Dataset section:
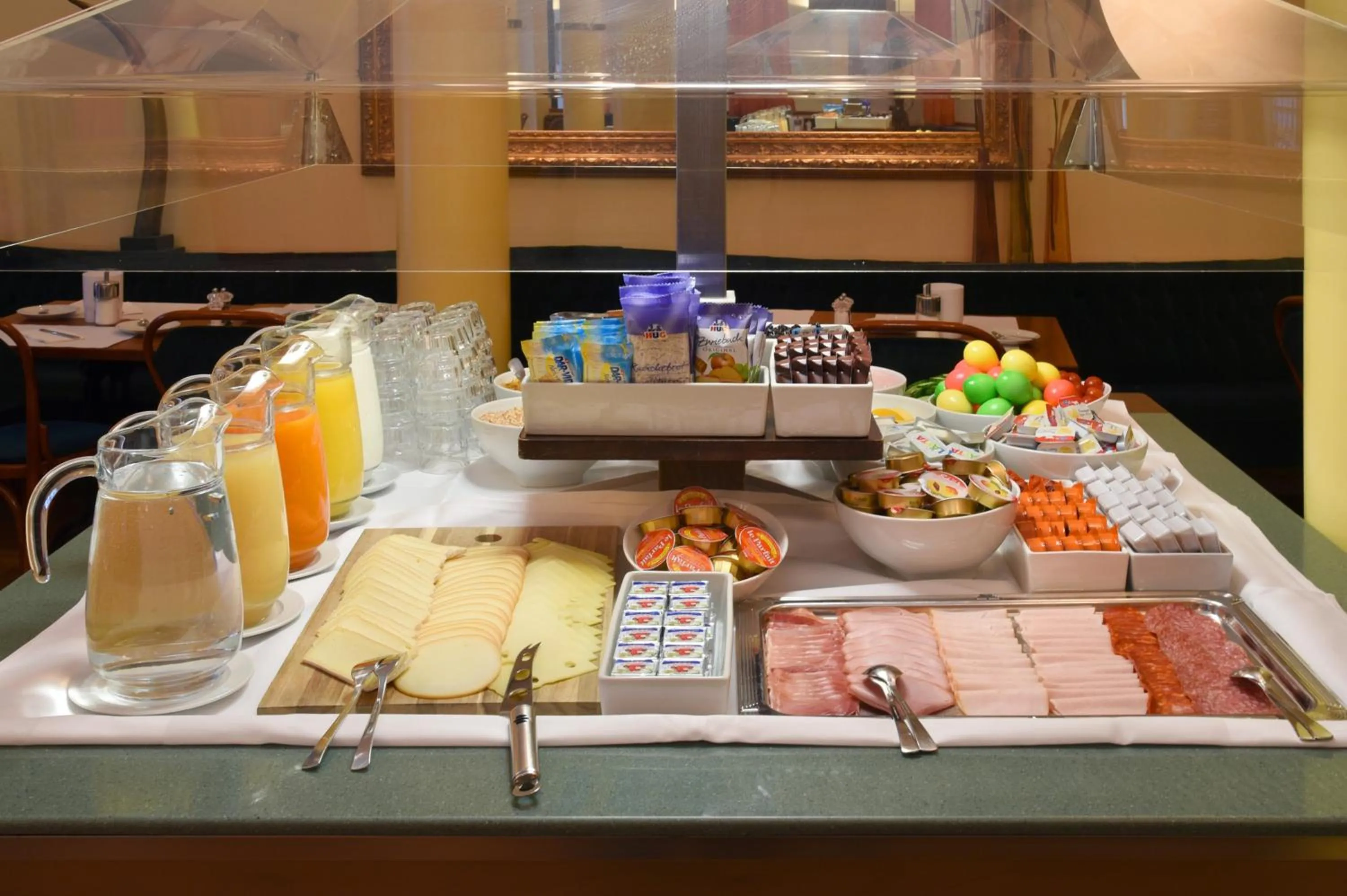 Buffet breakfast in Altstadt Hotel Krone Luzern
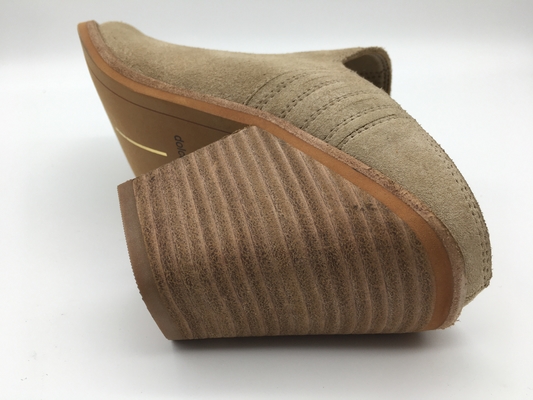 Pelle scamosciata molle Chunky Heel Dress Shoes della mucca delle scarpe di vestito da Tan Beige Closed Toe Womens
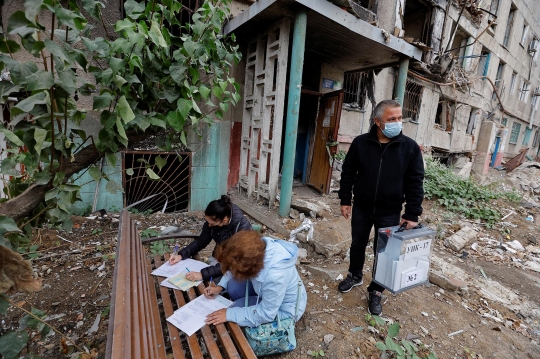 Rusia Datangi Rumah-Rumah Warga Ukraina untuk Referendum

The task: From the first line to the last, give the data again exactly, but without pictures.

Finished task:
 Buffet breakfast in Altstadt Hotel Krone Luzern
 Pelle scamosciata molle Chunky Heel Dress Shoes della mucca delle scarpe di vestito da Tan Beige Closed Toe Womens
 Rusia Datangi Rumah-Rumah Warga Ukraina untuk Referendum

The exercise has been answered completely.